Saturday, January 03, 2009

Twitter and languages.

How much knowledge of a foreign language is enough to make a fellow Twitterer a good follow? And is a good follow the same thing as a reasonable follow?

In going through emails re: new followers, I came across one person who tweets in Portuguese. (This isn't the first one, either.) I studied several languages as an undergraduate, French was my language in graduate school, and I did some brushing-up of my German not long ago. I follow a few people who tweet in French, Spanish, and German occasionally. Portuguese, however, is not on the radar despite my brief encounter with Spanish in middle school.

Does Twitter make it easier to pick up language and/or meaning from context? IM can be difficult if one is at a stage earlier than the two-year point, I think; message boards, just as with posts in English, contain jargon, slang, typos, and other difficulties. But Twitter might provide the right combination. Since Twitter is just now moving out of the early-adopter stage, it's still got people on it who are smart, clear thinkers and whose tweets reflect that.
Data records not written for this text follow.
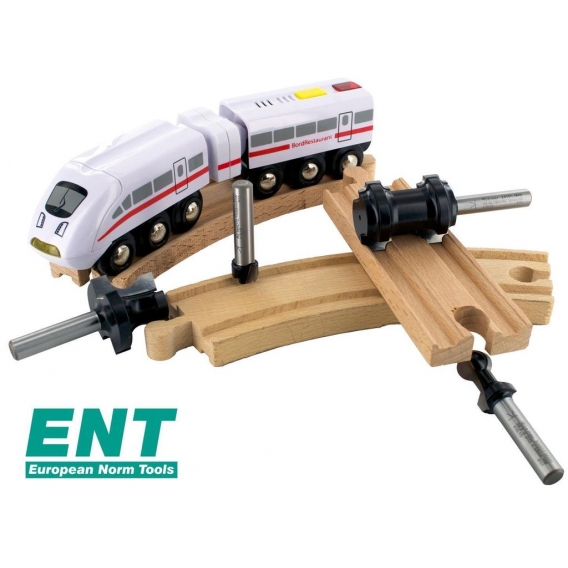 ENT 09050 4-tlg. Eisenbahn-Fräser-Set zum Fräsen von Holzschienen, HW, Schaft (S) 8 mm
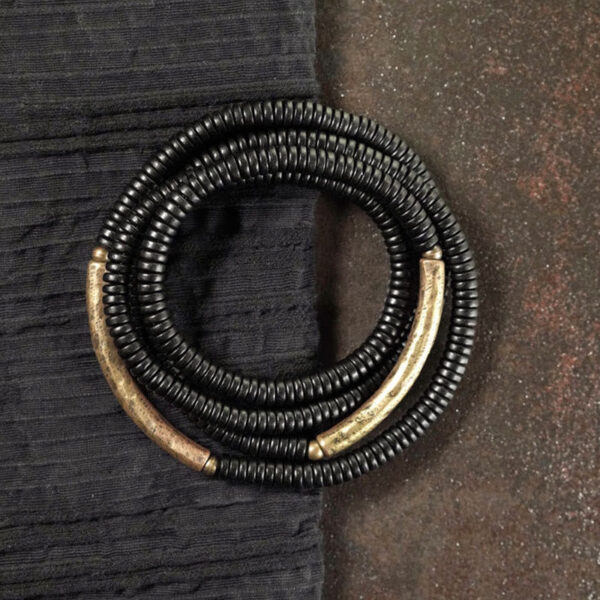 Ebony Wood Copper Balance Multilayered Bracelet - 图片 3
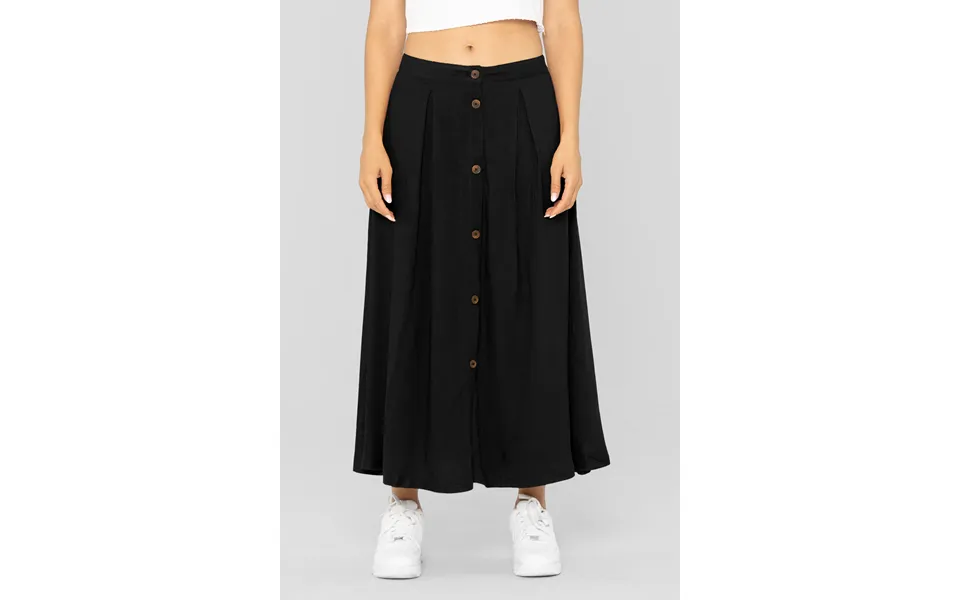 Enorsia Womens Black A-line Front Button Through Skirts - Uk 8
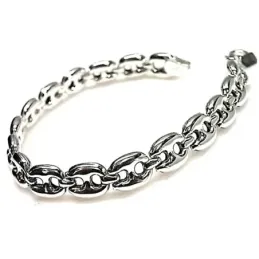 Pulsera plata ley 925m lisa cablabrotes serie  [AB0206]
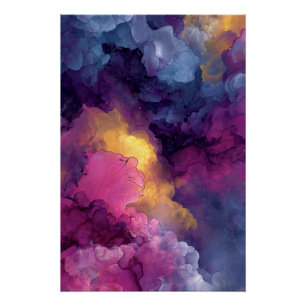 Paarse Magenta Goud Alcohol Ink Nevelstroom Perfect Poster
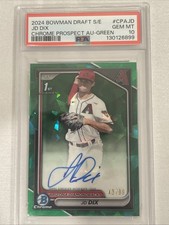 2024 Bowman Draft Sapphire 1st JD Dix Chrome Auto Green /99 #CPA-JD PSA 10 GM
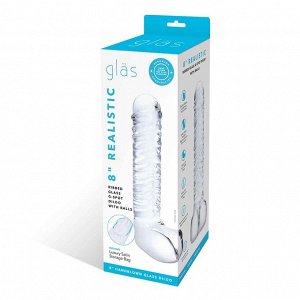 Прозрачный фаллоимитатор 8" Realistic Ribbed Glass Dildo - 20,3 см.
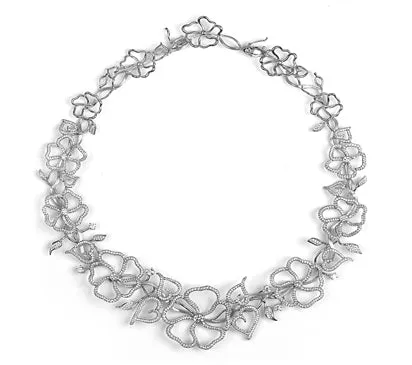 A.JAFFE ART DECO MAGNOLIA FLORAL STATEMENT NECKLACE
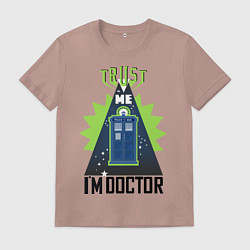 Футболка хлопковая мужская Trust me, i'm doctor who, цвет: пыльно-розовый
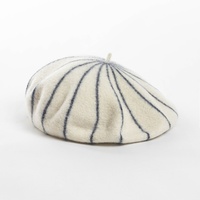 Béret d'hiver pour femme en 100% pure laine respirante, tricoté, style français rayé, tendance, passe-partout, style peintre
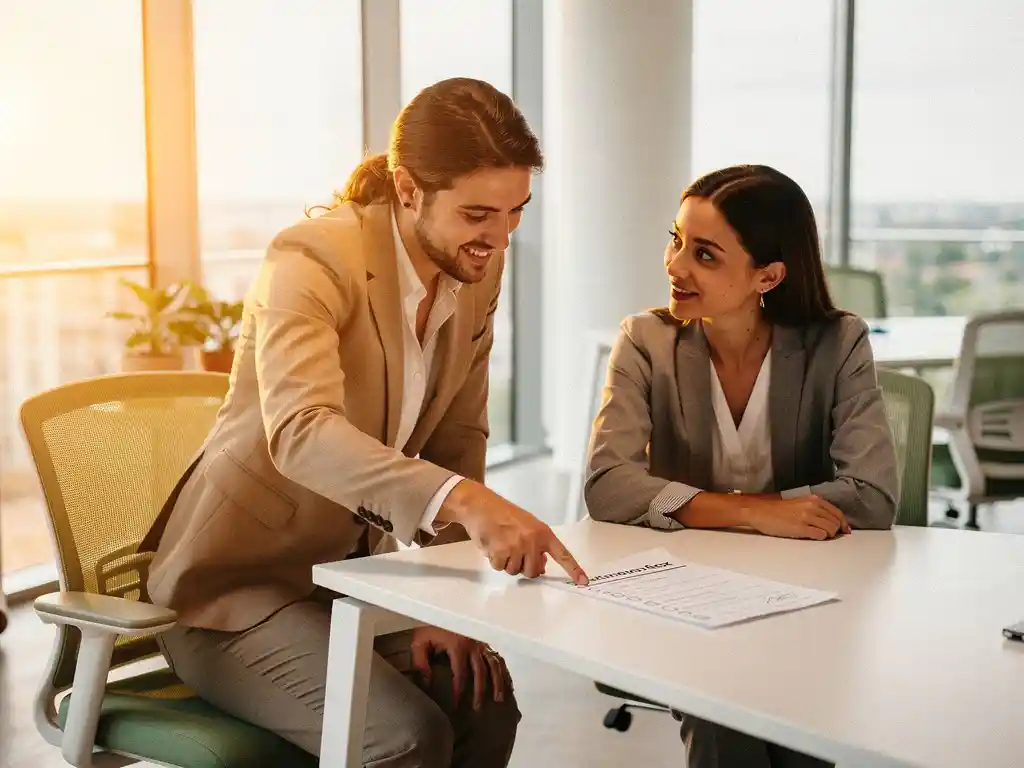 Manager kneeling beside new employee at modern desk, reviewing printed onboarding checklist together in sunlit office.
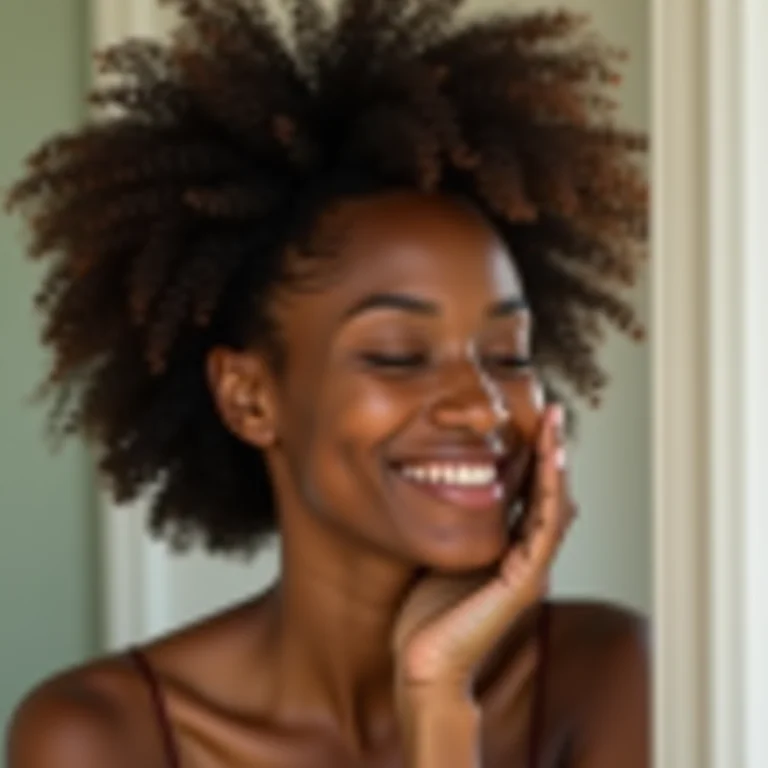 Mulher esfoliando o rosto no banheiro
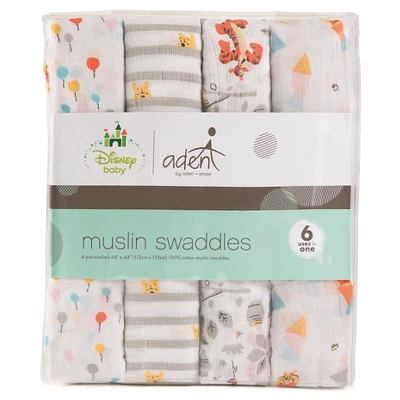 Aden By Aden + Anais Muslin Swaddle Blankets Disney - 4pk 3 Aden By Aden + Anais Muslin Swaddle Blankets Disney - 4pk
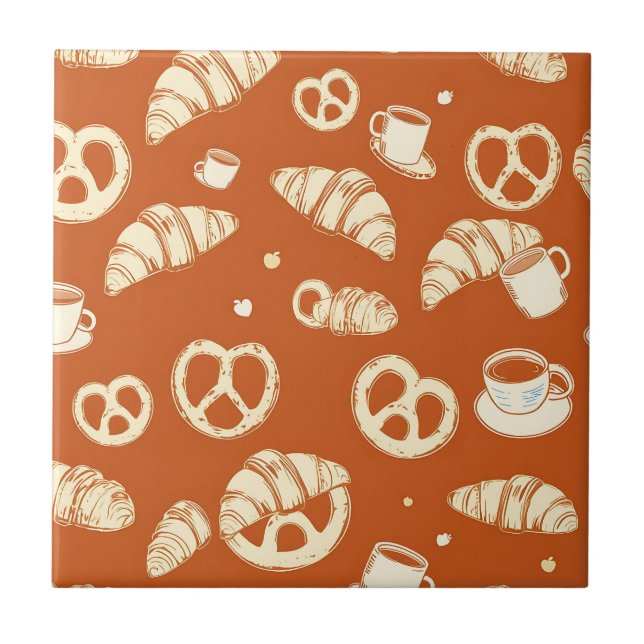 Rustic Bakery Croissants and Pretzels Hand-Drawn  Tile (Front)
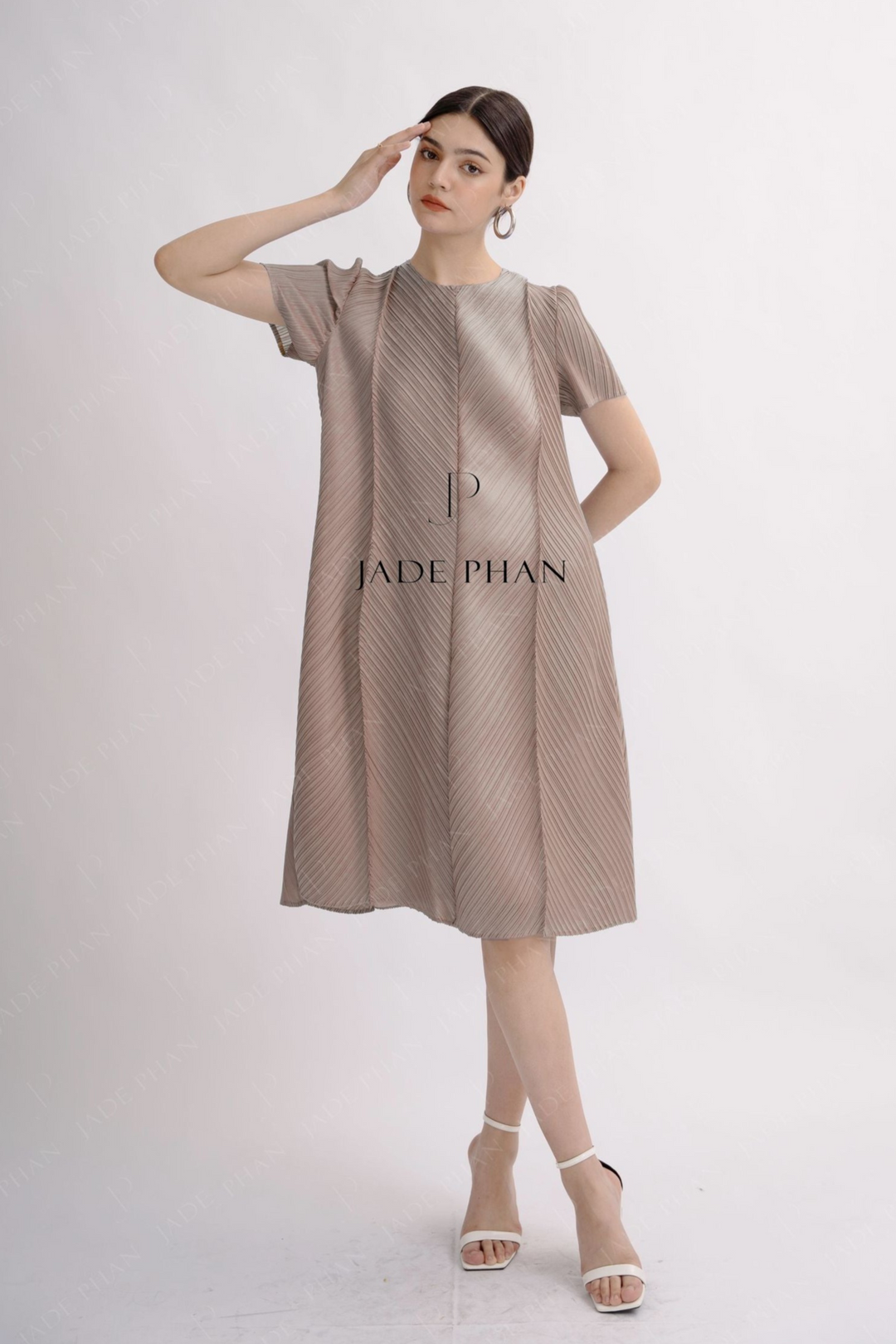 CLARIE Pleated Dress - Gray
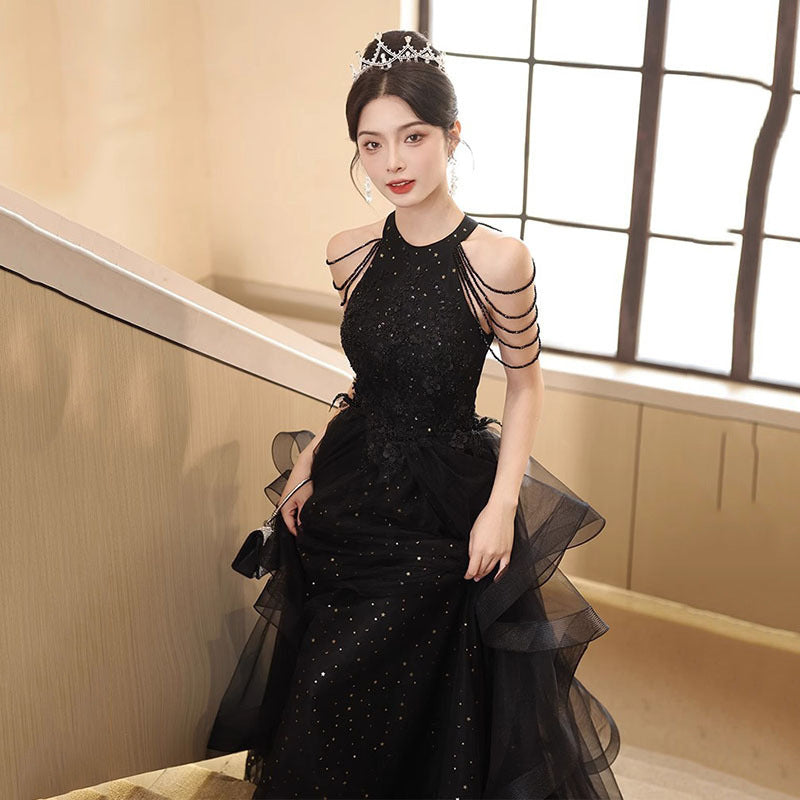 Black Evening Dress 2024 New Banquet Dinner Party Welcome Dress Elegant Host Elegant French Evening Dress for Women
Inasmuch as we can standardize language acquisition, I don't think this is one of those individual pace things. I can see how Twitter could become a huge boon to the learning of foreign languages: an instructor could create a group with people tweeting at levels appropriate to students, who could then follow the group members. Real-time interaction improves language acquisition like nothing else, but it requires a certain level of fluency in order for it to work.

So far, my preliminary answer to the question of meaning acquisition--which isn't language acquisition--is yes. If anyone has experience with this, please comment.